Multi-RIS-Enabled 3D Sidelink Positioning

Positioning is expected to be a core function in intelligent transportation systems (ITSs) to support communication and location-based services, such as autonomous driving, traffic control, etc. With the advent of low-cost reflective reconfigurable intelligent surfaces (RISs) to be deployed in beyond 5G/6G networks, extra anchors with high angular resolutions can boost signal quality and makes high-precision positioning with extended coverage possible in ITS scenarios. However, the passive nature of the RIS requires a signal source such as a base station (BS), which limits the positioning service in extreme situations, such as tunnels or dense urban areas, where 5G/6G BSs are not accessible. In this work, we show that with the assistance of (at least) two RISs and sidelink communication between two user equipments (UEs), these UEs can be localized even without any BSs involvement. A two-stage 3D sidelink positioning algorithm is proposed, benchmarked by the derived Cram\'er-Rao bounds. The effects of multipath and RIS profile designs on positioning performance are evaluated, and several scenarios with different RIS and UE locations are discussed for localizability analysis.
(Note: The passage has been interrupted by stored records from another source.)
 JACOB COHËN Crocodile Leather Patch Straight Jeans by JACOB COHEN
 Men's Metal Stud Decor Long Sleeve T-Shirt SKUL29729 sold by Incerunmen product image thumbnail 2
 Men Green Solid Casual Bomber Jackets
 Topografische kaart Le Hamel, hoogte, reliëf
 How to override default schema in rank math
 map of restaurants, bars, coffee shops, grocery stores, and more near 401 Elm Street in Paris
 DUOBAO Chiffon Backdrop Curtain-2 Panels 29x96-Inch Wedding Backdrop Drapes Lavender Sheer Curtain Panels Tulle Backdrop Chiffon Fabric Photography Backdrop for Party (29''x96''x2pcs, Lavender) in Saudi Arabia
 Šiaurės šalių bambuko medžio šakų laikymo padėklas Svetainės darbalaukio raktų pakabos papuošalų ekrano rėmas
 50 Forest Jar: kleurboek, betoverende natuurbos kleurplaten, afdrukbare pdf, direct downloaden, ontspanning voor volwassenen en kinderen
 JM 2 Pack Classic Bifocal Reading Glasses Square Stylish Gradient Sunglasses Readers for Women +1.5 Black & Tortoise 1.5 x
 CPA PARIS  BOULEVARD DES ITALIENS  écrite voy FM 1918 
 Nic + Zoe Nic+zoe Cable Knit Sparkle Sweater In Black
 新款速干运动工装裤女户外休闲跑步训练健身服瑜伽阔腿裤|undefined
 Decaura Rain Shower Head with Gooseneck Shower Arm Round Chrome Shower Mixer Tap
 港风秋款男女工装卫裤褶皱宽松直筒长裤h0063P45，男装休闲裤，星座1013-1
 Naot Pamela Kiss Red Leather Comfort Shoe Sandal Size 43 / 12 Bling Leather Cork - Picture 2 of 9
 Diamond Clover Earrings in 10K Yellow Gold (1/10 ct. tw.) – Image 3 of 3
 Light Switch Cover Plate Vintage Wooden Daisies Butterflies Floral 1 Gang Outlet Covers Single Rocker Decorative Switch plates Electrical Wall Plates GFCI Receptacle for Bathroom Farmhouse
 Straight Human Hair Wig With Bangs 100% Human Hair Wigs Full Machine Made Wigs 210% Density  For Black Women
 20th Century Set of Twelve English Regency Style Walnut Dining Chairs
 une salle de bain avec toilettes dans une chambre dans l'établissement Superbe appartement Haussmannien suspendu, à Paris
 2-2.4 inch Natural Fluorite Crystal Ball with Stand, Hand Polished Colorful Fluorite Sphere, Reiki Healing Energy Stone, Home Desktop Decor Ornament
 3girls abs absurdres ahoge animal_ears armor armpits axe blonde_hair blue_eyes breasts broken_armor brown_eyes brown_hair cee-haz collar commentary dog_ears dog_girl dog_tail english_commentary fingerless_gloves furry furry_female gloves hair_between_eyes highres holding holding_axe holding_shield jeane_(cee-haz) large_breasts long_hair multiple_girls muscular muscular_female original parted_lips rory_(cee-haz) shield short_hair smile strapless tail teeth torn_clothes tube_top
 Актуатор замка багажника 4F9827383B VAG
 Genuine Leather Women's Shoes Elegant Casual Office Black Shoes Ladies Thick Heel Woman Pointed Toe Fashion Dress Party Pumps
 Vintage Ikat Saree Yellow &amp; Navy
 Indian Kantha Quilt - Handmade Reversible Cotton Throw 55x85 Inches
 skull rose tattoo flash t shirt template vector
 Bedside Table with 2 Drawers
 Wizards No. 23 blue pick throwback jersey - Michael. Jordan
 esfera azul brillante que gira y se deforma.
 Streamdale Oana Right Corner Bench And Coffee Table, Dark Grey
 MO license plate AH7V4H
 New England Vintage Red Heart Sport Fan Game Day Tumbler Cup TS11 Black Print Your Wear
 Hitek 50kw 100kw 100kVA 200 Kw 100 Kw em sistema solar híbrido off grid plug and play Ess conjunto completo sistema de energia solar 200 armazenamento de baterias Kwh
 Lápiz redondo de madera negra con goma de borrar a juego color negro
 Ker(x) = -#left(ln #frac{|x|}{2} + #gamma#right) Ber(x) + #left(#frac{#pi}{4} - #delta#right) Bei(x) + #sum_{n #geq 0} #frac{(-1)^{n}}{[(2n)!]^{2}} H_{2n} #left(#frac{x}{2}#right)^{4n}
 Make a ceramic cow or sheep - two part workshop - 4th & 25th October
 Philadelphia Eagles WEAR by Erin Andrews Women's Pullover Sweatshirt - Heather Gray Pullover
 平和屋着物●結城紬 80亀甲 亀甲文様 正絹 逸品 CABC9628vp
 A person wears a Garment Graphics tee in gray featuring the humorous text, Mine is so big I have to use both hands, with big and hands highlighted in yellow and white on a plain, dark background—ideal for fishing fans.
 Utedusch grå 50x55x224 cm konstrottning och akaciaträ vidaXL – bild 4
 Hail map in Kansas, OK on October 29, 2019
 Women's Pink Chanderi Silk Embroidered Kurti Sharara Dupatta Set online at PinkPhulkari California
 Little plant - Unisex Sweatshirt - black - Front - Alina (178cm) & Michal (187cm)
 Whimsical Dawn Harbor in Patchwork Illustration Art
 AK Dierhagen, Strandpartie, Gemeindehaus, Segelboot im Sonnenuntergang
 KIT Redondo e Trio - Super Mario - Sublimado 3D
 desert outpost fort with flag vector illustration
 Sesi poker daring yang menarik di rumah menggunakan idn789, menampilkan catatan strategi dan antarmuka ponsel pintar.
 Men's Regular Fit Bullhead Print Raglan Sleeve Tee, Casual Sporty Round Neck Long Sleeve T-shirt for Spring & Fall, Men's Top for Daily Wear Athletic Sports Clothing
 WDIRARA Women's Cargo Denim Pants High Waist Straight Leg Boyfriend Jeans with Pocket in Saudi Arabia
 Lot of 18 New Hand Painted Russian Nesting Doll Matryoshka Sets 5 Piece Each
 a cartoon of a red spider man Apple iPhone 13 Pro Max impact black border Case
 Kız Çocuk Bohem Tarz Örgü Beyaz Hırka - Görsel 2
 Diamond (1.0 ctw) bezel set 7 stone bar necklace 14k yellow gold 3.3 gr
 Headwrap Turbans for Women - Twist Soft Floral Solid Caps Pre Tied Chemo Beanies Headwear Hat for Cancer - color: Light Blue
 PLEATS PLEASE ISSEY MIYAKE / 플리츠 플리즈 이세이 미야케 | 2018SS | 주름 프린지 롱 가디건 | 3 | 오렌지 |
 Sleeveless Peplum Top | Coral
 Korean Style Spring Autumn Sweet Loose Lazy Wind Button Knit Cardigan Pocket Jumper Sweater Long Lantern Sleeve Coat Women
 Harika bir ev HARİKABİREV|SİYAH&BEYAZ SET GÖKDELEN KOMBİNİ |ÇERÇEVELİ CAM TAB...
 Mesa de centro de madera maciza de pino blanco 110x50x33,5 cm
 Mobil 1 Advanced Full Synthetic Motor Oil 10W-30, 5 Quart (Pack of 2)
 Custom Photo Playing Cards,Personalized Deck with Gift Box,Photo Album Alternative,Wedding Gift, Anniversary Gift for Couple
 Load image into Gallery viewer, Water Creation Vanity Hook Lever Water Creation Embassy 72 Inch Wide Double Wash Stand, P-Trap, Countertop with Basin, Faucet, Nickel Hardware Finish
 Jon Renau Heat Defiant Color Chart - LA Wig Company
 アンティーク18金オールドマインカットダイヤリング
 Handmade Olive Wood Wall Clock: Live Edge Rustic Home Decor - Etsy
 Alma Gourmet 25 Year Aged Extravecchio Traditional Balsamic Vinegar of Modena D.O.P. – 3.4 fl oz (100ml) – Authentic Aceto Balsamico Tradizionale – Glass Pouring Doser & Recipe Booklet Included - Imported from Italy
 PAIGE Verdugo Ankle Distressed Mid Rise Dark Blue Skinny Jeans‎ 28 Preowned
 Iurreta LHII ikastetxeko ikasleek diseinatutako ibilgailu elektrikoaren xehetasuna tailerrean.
Simulation results demonstrate the promising positioning accuracy of the proposed BS-free sidelink communication system in challenging ITS scenarios. Additionally, we propose and evaluate several solutions to eliminate potential blind areas where positioning performance is poor, such as removing clock offset via round-trip communication, adding geometrical prior or constraints, as well as introducing more RISs.